No início do século XV a Comarca da Beira estende o seu território até ao mar por incorporação da comarca litoral de Antre Douro e Mondego. Foi a primeira vez que o território designado por Beira, espreita as águas do grande mar oceano. Efémera foi, no entanto esta fuga até ao Atlântico, pois, em 1421-1422, embora mantendo igual designação, a Comarca da Beira retornou à sua condição de interioridade, por perda, a favor da Comarca da Estremadura, das terras litorais de Antre Douro e Mondego. No vasto período balizado pelo fim do reinado de D. João I e o advento, em 1820, do liberalismo, sucessivas foram as mutações espaciais deste território designado por Beira. Na 1ª metade do século XVI mantém, no entanto, o mesmo nome de comarca, a mesma posição de interioridade de 1421 e, sensivelmente, idêntica área territorial e traçado. Mas, em finais do século XVI, e agora com a designação de Província da Beira, surge-nos um vasto território novamente espreitando o oceano, que englobava toda a área que se estende desde o litoral (entre a foz do Douro e a foz do Mondego) até à fronteira castelhana, a que se juntavam os territórios interiores entre o Douro e o Tejo. Este vasto território permanece sensivelmente com a mesma área e o mesmo traçado até finais do século XVIII. Eis, pois, a Beira, da época de Bautista de Castro. Teria sido esta largueza geográfica de tão dilatadas dimensões que, segundo Bautista de Castro, granjeou a este território o «honroso titulo de Principado».

Ricas, vastas, diversas e complementares deveriam ser as suas potencialidades, pois, desde 1734, os netos primogénitos dos reis de Portugal passaram a usar o título de Príncipes da Beira. Nem a declaração do domínio régio sobre esta zona, nem a partilha territorial fundamentada em imperativos de uma boa gestão judicial, conseguiram apagar e diluir a diversidade cultural que caracterizava a Beira.
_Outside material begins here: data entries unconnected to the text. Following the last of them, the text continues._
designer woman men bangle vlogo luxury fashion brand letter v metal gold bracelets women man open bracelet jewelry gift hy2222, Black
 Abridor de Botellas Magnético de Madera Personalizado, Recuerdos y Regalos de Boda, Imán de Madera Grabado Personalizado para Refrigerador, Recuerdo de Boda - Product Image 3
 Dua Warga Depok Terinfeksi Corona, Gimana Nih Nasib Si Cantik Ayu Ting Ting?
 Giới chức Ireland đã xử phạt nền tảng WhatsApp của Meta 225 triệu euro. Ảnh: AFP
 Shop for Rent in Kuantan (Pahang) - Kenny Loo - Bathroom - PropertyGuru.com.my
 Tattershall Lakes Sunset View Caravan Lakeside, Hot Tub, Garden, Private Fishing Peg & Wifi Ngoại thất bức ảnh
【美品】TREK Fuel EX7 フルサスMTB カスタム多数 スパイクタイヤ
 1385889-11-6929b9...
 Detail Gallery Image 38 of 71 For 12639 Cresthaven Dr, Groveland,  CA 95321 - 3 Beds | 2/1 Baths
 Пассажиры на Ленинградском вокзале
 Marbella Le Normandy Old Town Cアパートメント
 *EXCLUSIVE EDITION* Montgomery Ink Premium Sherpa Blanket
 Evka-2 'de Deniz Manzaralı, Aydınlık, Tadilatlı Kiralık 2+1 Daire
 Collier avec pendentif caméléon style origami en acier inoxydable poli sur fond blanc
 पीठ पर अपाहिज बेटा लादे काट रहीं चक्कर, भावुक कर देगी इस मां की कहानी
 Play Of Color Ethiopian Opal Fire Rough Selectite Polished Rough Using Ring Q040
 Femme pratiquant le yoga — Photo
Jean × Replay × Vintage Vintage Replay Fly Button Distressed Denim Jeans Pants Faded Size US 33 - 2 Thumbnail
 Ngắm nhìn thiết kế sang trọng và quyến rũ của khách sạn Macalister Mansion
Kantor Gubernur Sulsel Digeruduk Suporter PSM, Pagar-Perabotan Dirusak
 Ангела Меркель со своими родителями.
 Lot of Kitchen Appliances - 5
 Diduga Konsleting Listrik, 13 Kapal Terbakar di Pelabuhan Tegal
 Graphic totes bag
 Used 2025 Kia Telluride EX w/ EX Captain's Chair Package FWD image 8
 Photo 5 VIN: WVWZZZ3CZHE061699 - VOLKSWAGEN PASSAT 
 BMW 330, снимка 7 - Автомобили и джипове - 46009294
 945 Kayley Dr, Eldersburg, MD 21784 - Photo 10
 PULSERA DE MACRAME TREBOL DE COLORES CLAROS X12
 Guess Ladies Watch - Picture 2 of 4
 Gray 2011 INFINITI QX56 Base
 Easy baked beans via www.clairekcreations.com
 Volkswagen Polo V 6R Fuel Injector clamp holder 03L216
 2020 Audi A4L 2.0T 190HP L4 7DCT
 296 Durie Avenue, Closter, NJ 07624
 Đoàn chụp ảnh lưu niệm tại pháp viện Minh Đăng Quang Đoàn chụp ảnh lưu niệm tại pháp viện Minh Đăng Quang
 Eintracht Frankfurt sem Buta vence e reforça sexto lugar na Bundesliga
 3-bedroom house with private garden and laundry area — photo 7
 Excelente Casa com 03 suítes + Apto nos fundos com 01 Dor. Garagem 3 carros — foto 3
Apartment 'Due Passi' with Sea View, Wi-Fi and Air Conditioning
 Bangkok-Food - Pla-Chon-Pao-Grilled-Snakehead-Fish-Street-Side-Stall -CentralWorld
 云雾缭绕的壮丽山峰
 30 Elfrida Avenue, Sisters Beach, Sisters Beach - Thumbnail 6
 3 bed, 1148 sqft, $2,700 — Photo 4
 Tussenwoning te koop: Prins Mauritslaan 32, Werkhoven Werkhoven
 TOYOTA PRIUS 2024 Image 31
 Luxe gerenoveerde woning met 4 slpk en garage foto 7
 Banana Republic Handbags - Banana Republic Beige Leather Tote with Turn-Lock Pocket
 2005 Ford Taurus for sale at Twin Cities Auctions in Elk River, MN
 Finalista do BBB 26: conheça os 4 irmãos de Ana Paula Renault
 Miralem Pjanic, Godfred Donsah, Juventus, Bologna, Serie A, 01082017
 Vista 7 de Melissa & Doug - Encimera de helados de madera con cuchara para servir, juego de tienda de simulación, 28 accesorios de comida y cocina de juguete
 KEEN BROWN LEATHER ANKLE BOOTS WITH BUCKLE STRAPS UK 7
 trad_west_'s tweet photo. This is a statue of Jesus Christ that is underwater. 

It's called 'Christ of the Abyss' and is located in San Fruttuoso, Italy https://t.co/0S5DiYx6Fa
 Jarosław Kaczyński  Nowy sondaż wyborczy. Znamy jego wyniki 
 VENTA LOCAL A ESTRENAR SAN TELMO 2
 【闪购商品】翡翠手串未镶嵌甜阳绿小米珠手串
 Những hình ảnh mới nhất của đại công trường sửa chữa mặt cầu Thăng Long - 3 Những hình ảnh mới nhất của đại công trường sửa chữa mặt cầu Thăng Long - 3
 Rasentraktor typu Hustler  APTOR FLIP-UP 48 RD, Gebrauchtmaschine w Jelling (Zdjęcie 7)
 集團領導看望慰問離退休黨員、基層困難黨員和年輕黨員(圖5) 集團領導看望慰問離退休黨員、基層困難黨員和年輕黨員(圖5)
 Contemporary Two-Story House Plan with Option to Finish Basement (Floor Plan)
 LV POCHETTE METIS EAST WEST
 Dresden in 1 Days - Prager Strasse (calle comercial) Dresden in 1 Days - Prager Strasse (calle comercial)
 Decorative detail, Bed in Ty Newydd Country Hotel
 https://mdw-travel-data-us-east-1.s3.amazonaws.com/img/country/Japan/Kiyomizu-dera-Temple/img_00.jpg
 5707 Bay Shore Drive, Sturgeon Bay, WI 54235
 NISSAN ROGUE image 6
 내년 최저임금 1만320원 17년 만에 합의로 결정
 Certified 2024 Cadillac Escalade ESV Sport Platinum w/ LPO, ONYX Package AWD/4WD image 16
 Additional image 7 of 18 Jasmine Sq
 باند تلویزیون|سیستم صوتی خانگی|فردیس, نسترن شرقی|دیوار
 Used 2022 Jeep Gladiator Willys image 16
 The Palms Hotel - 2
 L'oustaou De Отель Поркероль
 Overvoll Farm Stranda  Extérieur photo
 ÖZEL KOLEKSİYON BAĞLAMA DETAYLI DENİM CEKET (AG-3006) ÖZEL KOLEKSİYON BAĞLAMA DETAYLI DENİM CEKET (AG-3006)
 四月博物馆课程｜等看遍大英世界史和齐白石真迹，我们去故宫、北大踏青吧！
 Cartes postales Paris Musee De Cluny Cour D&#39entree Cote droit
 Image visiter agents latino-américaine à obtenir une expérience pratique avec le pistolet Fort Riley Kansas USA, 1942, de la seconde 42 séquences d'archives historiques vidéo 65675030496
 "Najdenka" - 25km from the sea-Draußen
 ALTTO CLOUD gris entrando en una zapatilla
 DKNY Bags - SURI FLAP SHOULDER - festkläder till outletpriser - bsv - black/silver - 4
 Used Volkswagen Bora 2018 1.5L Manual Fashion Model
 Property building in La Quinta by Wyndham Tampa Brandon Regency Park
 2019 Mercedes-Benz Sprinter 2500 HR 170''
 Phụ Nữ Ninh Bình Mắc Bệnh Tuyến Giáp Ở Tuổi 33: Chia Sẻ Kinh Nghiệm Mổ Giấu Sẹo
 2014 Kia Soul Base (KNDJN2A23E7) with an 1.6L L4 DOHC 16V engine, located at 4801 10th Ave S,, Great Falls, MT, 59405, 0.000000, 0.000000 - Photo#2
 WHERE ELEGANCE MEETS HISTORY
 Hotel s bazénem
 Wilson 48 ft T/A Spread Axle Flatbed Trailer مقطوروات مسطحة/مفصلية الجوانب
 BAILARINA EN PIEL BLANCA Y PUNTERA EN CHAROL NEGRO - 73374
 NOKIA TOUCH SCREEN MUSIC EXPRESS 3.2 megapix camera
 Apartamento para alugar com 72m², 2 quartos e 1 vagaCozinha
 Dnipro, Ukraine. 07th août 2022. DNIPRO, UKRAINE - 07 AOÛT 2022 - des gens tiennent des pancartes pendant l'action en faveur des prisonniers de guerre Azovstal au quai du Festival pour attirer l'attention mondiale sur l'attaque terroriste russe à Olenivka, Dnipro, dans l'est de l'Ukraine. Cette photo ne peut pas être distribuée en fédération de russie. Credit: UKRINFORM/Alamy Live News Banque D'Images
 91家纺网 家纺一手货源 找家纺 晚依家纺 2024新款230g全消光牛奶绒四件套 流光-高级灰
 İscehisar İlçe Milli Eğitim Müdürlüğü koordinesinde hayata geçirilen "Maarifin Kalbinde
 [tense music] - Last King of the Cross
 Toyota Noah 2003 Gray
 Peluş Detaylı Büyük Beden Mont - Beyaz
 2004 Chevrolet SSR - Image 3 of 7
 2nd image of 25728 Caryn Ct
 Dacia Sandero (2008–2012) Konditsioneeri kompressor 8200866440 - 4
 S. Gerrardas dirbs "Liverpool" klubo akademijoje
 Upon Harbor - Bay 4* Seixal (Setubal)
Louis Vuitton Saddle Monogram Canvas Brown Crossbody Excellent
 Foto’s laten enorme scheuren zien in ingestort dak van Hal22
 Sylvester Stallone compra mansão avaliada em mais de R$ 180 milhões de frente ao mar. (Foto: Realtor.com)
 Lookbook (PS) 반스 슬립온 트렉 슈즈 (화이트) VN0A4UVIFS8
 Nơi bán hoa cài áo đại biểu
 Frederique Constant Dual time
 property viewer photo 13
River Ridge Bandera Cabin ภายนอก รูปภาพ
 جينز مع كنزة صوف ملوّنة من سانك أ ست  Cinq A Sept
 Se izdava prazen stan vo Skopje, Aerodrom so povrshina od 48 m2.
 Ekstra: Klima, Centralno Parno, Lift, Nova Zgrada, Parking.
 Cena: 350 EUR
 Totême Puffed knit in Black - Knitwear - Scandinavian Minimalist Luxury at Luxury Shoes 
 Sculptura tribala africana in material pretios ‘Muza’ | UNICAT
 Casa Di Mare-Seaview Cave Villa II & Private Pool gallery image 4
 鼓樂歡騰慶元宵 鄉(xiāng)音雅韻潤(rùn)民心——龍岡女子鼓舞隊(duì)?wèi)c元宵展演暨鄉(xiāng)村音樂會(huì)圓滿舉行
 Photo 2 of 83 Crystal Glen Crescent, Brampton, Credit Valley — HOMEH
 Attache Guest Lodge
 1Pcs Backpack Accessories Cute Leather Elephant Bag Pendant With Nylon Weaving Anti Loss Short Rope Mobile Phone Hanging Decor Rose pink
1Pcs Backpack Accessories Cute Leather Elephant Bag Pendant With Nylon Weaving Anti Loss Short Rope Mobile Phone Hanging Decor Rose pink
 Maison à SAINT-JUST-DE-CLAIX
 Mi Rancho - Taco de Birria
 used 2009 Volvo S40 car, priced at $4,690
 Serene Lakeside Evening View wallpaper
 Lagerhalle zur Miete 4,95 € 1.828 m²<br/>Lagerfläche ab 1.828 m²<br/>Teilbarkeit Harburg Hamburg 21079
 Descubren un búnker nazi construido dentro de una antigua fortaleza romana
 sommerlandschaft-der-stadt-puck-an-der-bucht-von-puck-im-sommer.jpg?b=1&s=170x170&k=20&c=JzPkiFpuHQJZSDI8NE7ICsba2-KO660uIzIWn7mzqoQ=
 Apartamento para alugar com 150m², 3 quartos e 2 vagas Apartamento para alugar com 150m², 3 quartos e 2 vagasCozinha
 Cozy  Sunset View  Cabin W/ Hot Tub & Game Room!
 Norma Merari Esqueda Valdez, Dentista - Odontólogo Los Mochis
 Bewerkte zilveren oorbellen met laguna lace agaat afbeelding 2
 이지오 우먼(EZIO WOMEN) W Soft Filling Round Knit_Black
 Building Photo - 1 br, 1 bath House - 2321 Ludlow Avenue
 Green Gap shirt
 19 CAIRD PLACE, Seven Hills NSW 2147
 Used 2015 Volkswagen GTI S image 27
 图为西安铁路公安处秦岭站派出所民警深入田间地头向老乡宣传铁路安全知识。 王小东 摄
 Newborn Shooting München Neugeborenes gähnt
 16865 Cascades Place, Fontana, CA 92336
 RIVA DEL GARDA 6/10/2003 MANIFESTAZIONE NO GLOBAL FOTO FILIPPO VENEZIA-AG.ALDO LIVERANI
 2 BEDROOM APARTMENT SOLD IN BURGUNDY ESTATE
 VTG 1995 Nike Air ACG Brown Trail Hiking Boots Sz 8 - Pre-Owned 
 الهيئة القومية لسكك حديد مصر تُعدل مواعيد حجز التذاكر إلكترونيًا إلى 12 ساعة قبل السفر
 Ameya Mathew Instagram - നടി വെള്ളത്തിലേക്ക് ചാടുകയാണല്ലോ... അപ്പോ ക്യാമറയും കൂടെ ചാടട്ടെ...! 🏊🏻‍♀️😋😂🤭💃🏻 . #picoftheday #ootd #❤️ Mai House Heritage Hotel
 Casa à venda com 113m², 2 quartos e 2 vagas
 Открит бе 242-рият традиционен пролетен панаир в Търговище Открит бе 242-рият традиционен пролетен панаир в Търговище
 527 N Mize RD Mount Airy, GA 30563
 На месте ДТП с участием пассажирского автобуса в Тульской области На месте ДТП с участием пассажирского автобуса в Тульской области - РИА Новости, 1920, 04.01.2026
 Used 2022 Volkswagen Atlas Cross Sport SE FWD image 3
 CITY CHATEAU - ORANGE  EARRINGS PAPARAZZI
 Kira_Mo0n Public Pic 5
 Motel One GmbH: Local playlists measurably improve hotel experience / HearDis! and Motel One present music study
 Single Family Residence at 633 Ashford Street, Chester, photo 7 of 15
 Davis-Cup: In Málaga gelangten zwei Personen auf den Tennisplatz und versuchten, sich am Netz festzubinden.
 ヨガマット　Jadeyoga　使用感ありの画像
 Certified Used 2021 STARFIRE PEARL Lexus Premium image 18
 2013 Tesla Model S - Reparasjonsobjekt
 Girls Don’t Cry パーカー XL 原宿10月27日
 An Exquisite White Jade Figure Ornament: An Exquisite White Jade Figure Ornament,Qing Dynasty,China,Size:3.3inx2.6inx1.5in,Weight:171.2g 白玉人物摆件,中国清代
À semelhança de uma manta de retalhos

No capítulo V «Divisão moderna pelas Provincias», Bautista de Castro considera a Provincia da Beira repartida em «duas grandes porções de terra» : a Beira Baixa, que se estendia desde a Serra da Estrela ao Tejo, e a Beira Alta, ocupando a restante área (na qual, no entanto, individualizava a faixa litoral entre o Porto e Coimbra, que designa por Beira Mar). Será a originalidade da posição litoral ou as diferenças da morfologia do solo implícitas na designação de Beira Alta e Beira Baixa, que levaram a esta individualização espacial ? Reflectirá esta fragmentação do vasto território da Beira, para além de contrastes físicos, profundas diferenças culturais ? Bautista de Castro não o esclarece, embora neste 1º volume surjam pontualmente certos relatos que se prendem com crenças e costumes e até pormenorizadas considerações acerca do génio do povo português.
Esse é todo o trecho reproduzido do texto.